I've seen a "senior software engineer with 20 years of industry experience" put code into production that ended up needing 30 minute timeouts for a HTTP response only 2 years after initial deployment. That is not a typo, 30 minutes. I had to take over and rewrite their "simple" code to stop the VP-level escalations our org received because of this engineering philosophy.

  • > You're much more likely to encounter regressions when doing this under time pressure.

    There is nothing to suggest you should wait to optimize under pressure, only that you should optimize only after you have measured. Benchmark tests are still best written during the development cycle, not while running hot in production.

    Starting with the naive solution helps quickly ensure that your API is sensible and that your testing/benchmarking is in good shape before you start poking at the hard bits where you are much more likely to screw things up, all while offering a baseline score to prove that your optimizations are actually necessary and an improvement.

Really need that [flag bot] button added to HN.

  • It would be easier if we could just block comments from green users. I get that it loses ~.1% of authors who might have made an account to comment on a blogpost of theirs that was posted here. I'd rather have that loss than have to deal with the 99.9% of spam.

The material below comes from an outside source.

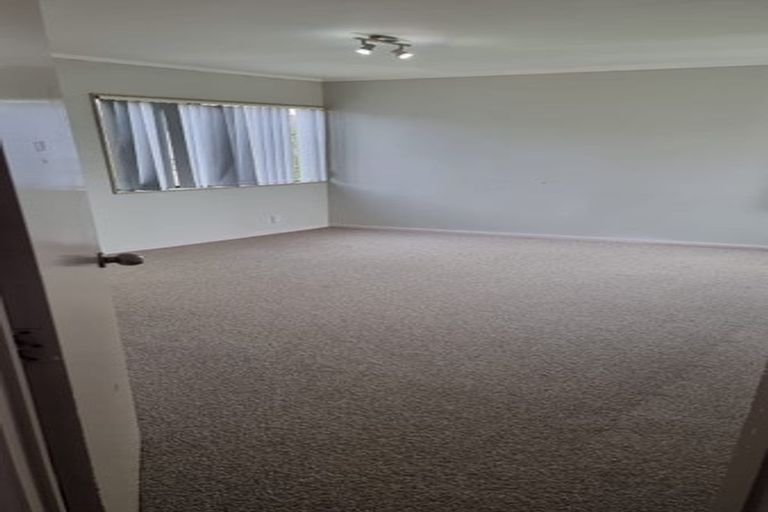 Photo of property in 49 Marina View Drive, West Harbour, Auckland, 0618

You tend to see it a lot in "Enterprise" software (.Net and Java shops in particular). A lot of Enterprise Software Architects will reach for their favored abstractions out of practice as opposed to if they fit. Custom solution providers will build a bunch of the same out of practice.

This is something I tend to consider far, far worse than "AI Slop" in practice. I always hated Microsoft Enterprise Library's Data Access Application Block (DAAB) in practice. I've literally only ever seen one product that supported multiple database backends that necessitated that level of abstraction... but I've seen that library well over a dozen times in practice. Just as a specific example.

IMO, abstractions should generally serve to make the rest of the codebase reasonable more often than not... abstractions that hide complexity are useful... abstractions that add complexity much less so.